Cluster Analysis

Cluster analysis groups unlabeled data objects so that objects in the same group are more similar to each other than to objects in other groups. Aggarwal presents clustering as a core unsupervised building block, with representative-based methods such as k-means, hierarchical methods, probabilistic model-based clustering, density and grid methods, graph-based algorithms, non-negative matrix factorization, and validation criteria.

This page focuses on the main families from the basic clustering chapter. The next page covers advanced settings such as categorical data, scalability, high-dimensional clustering, semi-supervised clustering, visual supervision, and ensembles.

Definitions

A clustering partitions or organizes objects $X_1,\dots,X_n$ into groups $C_1,\dots,C_k$ . Some algorithms create a hard partition where each object belongs to one cluster; others create soft memberships or hierarchical structures.

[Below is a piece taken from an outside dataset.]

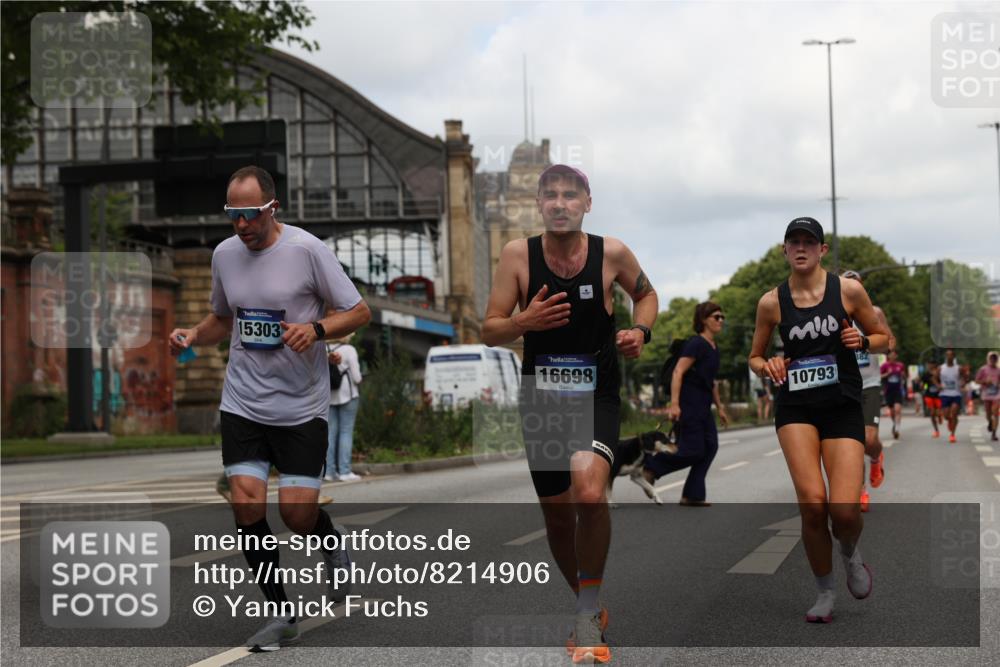29.06.2025 - hella hamburg halbmarathon Yannick Fuchs http://msf.ph/oto/8214906 29.06.2025 10:32:40 20KM 1042, 1615, 1688, 3480, 3530, 7152, 7154, 7229, 7743, 8002, 8571, 9171, 9643, 10793, 11952, 13595, 13900, 14274, 14992, 15303, 15382, 15888, 16698, 17726, 18193, 18276, 18277, 18529, 18584, 18723 meine-sportfotos.de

Representative-based clustering describes each cluster by a prototype. In k-means, the prototype is the arithmetic mean or centroid. In k-medians, it is a coordinate-wise median. In k-medoids, it is an actual data object.

The k-means objective is

\min_{C_1,\dots,C_k,\mu_1,\dots,\mu_k} \sum_{r=1}^{k}\sum_{X_i\in C_r}\|X_i-\mu_r\|_2^2.

Agglomerative hierarchical clustering starts with each point as its own cluster and repeatedly merges the closest pair. Linkage criteria include single linkage, complete linkage, average linkage, and Ward linkage.

Probabilistic model-based clustering assumes data are generated by a mixture distribution. A Gaussian mixture model represents the density as

p(X)=\sum_{r=1}^{k}\pi_r \mathcal{N}(X\mid \mu_r,\Sigma_r),

where $\pi_r$ are mixture weights.

Density-based clustering finds dense regions separated by sparse regions. DBSCAN uses an $\epsilon$ radius and a minimum number of points to define core points.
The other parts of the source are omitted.